Task prompt:
In the material below, find the line with "Breakfast area" and the line with "18 Sherman Pl, Woburn MA 01801", then output those two lines and every line between them, exactly.

Entries shown:
_ _ _ _ _
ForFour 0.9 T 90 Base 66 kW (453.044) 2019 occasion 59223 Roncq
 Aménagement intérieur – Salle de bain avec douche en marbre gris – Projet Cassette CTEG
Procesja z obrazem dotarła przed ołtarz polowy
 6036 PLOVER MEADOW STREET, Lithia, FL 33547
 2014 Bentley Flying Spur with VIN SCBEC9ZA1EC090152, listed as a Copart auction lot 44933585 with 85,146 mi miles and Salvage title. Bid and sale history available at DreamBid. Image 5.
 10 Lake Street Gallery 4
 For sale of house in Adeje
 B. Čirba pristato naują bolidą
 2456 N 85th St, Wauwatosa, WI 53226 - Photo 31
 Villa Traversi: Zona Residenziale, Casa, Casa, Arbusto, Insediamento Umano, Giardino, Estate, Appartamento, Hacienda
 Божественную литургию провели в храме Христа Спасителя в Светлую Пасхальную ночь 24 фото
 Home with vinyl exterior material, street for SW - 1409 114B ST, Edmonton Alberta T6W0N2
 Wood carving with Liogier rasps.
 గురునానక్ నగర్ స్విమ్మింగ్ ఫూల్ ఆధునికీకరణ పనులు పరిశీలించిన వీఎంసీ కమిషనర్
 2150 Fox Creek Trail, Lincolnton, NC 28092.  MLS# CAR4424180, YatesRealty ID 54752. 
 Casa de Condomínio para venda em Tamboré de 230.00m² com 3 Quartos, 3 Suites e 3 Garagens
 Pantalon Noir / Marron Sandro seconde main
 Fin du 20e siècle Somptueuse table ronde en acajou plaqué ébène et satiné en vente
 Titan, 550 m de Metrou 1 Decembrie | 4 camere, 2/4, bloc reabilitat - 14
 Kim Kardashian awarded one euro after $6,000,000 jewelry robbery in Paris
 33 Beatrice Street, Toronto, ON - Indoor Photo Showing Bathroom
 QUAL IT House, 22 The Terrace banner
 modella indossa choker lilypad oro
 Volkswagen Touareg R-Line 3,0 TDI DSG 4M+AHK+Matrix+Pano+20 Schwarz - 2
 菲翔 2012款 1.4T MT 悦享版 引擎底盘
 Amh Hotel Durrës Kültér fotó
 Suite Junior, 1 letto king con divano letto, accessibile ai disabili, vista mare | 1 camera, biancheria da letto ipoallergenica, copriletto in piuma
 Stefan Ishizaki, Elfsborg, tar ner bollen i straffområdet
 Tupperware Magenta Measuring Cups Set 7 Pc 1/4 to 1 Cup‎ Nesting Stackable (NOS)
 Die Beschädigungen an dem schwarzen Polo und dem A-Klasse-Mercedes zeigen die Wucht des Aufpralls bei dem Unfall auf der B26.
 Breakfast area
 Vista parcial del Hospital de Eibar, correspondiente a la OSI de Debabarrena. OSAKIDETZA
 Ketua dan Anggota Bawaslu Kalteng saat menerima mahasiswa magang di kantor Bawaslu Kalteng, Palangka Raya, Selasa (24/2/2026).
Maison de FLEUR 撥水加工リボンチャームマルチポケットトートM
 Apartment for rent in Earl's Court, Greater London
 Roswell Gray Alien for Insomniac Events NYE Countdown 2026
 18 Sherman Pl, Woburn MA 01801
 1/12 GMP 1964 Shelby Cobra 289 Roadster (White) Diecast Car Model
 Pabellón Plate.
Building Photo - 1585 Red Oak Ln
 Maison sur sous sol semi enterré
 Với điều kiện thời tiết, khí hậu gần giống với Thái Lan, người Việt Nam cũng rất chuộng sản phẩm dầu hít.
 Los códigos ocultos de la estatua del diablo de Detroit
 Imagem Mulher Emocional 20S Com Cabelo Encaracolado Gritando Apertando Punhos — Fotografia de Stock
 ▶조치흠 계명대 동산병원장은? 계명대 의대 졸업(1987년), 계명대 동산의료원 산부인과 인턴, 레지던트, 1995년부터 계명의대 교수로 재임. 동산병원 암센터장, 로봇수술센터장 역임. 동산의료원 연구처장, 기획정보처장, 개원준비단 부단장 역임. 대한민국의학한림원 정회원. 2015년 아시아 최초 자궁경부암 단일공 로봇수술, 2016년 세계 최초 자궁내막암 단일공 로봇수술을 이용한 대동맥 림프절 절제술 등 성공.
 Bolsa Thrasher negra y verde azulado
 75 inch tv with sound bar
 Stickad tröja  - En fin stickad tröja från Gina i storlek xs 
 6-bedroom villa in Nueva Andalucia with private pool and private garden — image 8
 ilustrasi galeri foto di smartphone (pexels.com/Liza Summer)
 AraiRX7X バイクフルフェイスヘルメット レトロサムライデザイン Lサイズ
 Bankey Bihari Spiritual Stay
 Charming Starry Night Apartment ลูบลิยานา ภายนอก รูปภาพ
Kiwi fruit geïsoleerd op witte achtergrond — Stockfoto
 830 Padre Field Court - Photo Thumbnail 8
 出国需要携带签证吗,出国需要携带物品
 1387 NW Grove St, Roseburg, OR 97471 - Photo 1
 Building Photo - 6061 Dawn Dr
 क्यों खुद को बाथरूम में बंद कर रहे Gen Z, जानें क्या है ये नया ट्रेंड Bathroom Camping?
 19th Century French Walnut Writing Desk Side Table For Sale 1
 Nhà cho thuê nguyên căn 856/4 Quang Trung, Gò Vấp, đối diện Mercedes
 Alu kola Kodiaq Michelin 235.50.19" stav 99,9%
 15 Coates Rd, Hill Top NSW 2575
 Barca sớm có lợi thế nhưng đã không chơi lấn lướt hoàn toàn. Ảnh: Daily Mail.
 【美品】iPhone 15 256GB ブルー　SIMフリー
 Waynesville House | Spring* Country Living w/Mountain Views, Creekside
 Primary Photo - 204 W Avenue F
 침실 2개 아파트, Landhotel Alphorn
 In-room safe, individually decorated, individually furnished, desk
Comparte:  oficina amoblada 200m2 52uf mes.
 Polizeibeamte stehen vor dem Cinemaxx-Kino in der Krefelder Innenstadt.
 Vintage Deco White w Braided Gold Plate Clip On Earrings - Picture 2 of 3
_ _ _ _ _
Response area:
 Breakfast area
 Vista parcial del Hospital de Eibar, correspondiente a la OSI de Debabarrena. OSAKIDETZA
 Ketua dan Anggota Bawaslu Kalteng saat menerima mahasiswa magang di kantor Bawaslu Kalteng, Palangka Raya, Selasa (24/2/2026).
Maison de FLEUR 撥水加工リボンチャームマルチポケットトートM
 Apartment for rent in Earl's Court, Greater London
 Roswell Gray Alien for Insomniac Events NYE Countdown 2026
 18 Sherman Pl, Woburn MA 01801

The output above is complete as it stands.